Stuff

Callie The Great


I gave a lot of room about Misty and her adventures with the Bird Mafia and the slathering, enraged rabbits. Now I want to give equal booking to Callie, “The Lion Hearted”.

I believe Callie may be the embodiment of Tesla, but on steroids.

OK, she has nervous tendencies, but she is also very quiet, observant and intelligent.

Callie can talk and understand understand English, too. In fact, she is working on her second draft of a science fiction trilogy that I personally will be surprised if any editor picks it up. Said trilogy is an epic saga involving a race called the Mondorphians.  The Mondorphians look and act just like humans in every way, but they also have super-human abilities that most humans can never imagine. They have chosen our planet to hide on because it is in the back waters of a galaxy that is also in the back waters of the universe.  They are hiding from…wait, that isn’t the point. It’s her novel, and if she wants you to read it, she will publish it.

I just wanted to tell you why I think she is channeling Tesla. You know all about the Tesla Coil, and the incredible technologies he invented.   These inventions are the real reason we have cell phones and microwave ovens. Tesla simply wanted a faster way to make popcorn while he texted his BFF, Edison about American Idol.

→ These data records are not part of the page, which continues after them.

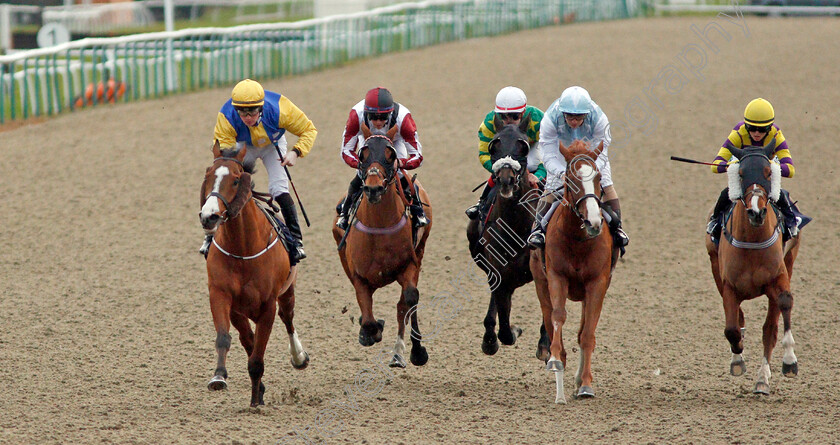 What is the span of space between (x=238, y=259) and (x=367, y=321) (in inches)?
55.5

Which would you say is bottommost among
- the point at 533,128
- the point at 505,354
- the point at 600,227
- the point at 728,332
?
the point at 505,354

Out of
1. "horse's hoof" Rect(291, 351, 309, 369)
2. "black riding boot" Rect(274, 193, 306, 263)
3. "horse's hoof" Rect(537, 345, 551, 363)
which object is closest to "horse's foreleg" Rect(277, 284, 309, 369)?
"horse's hoof" Rect(291, 351, 309, 369)

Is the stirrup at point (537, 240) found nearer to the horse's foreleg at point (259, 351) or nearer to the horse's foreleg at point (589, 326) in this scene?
the horse's foreleg at point (589, 326)

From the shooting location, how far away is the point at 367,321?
7910 millimetres

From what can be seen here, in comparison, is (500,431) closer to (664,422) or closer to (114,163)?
(664,422)

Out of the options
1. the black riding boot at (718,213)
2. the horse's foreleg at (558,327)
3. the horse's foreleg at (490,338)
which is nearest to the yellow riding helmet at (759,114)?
the black riding boot at (718,213)

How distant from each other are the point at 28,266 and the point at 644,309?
615cm

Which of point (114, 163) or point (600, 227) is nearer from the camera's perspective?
point (600, 227)

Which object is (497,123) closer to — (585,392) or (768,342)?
(585,392)

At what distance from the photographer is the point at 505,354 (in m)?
8.77

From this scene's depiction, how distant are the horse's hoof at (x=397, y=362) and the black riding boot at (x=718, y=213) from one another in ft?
8.35

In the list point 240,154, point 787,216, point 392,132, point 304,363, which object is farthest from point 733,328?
point 240,154

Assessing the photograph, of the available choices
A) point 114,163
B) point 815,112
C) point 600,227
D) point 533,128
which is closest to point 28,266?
point 114,163

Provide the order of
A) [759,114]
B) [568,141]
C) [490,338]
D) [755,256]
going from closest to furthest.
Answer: [755,256] → [759,114] → [568,141] → [490,338] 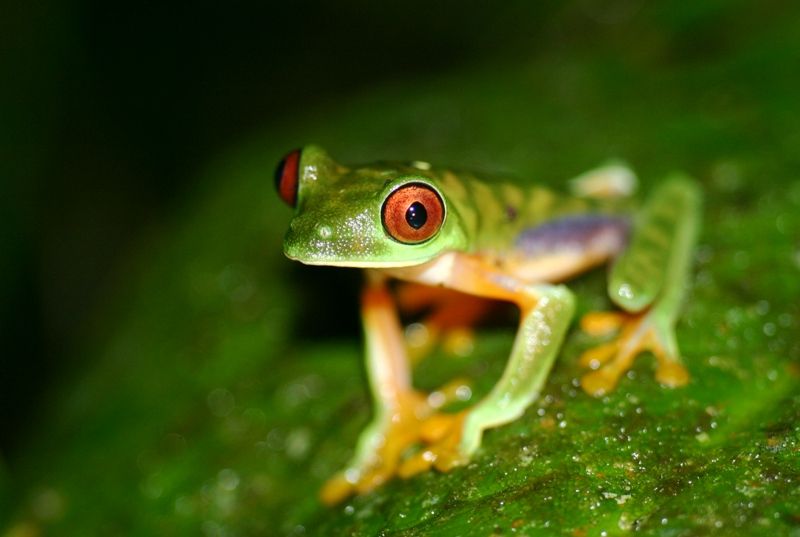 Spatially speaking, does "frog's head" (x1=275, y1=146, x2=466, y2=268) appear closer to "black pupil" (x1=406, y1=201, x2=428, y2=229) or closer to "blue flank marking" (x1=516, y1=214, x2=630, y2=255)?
"black pupil" (x1=406, y1=201, x2=428, y2=229)

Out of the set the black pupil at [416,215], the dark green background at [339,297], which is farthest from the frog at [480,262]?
the dark green background at [339,297]

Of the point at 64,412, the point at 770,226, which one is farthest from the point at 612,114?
the point at 64,412

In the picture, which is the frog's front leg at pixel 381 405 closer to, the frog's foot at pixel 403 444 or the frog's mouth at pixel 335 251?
the frog's foot at pixel 403 444

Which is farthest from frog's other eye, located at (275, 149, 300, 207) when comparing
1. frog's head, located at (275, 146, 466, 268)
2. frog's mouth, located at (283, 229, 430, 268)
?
frog's mouth, located at (283, 229, 430, 268)

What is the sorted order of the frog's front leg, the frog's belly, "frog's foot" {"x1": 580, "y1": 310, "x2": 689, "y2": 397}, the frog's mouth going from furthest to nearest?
1. the frog's belly
2. the frog's front leg
3. "frog's foot" {"x1": 580, "y1": 310, "x2": 689, "y2": 397}
4. the frog's mouth

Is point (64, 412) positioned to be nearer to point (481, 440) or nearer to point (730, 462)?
point (481, 440)

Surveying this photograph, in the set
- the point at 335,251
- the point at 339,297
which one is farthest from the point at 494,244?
the point at 339,297

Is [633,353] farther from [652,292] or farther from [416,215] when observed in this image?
[416,215] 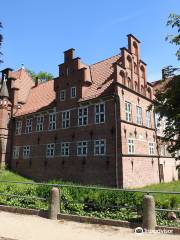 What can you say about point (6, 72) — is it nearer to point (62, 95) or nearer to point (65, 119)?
point (62, 95)

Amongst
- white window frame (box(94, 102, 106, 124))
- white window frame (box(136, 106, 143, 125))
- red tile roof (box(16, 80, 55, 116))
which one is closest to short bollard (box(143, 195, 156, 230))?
white window frame (box(94, 102, 106, 124))

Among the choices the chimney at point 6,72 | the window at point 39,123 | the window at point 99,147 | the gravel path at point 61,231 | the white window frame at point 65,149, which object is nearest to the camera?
the gravel path at point 61,231

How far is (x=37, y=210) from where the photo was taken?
32.5 feet

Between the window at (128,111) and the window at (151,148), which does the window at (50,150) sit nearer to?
the window at (128,111)

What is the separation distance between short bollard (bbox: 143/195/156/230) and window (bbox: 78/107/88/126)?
1526 cm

It was storming very hard here, in the Megalopolis of Union, MO. Big hairy rain drops were falling all over the place. And the lightning could not only be seen, but could be felt.

My theory with Callie and Tesla was inspired when I was watching Callie gazing longingly out the back door, the very door whose threshold she faints at the idea of crossing. My theory is that she has perfected inter-dimensional portal transportation. She she must have gotten the idea from one of the Tesla books I left laying open.

I could clearly see she was anticipating something. Misty, could too, because she had to interrupt a yawn to see what was getting Callie so exited.

Callie’s breathing quickened, her tail twitching went into high gear, and she firmly placed her tiny, nervous little paws on the glass panes of the back door, as if she wanted a closer look at what was about to happen.

Then it happened.

A bolt of lightning hit our back yard. The flash filled the house. The air frissioned with ionization. A loud boom rattled everything in a one block radius.

All this happened in a nanosecond.

What also happened in that nanosecond is that, where Callie had been standing at the back door, was an outline of fur, gently floating to the ground where Callie had been standing. In that nanosecond of brightness, she vanished before my very eyes.

I have not seen her since.

I think she utilized Tesla knowledge, harnessed the power of the lightning, and crossed over into another dimension.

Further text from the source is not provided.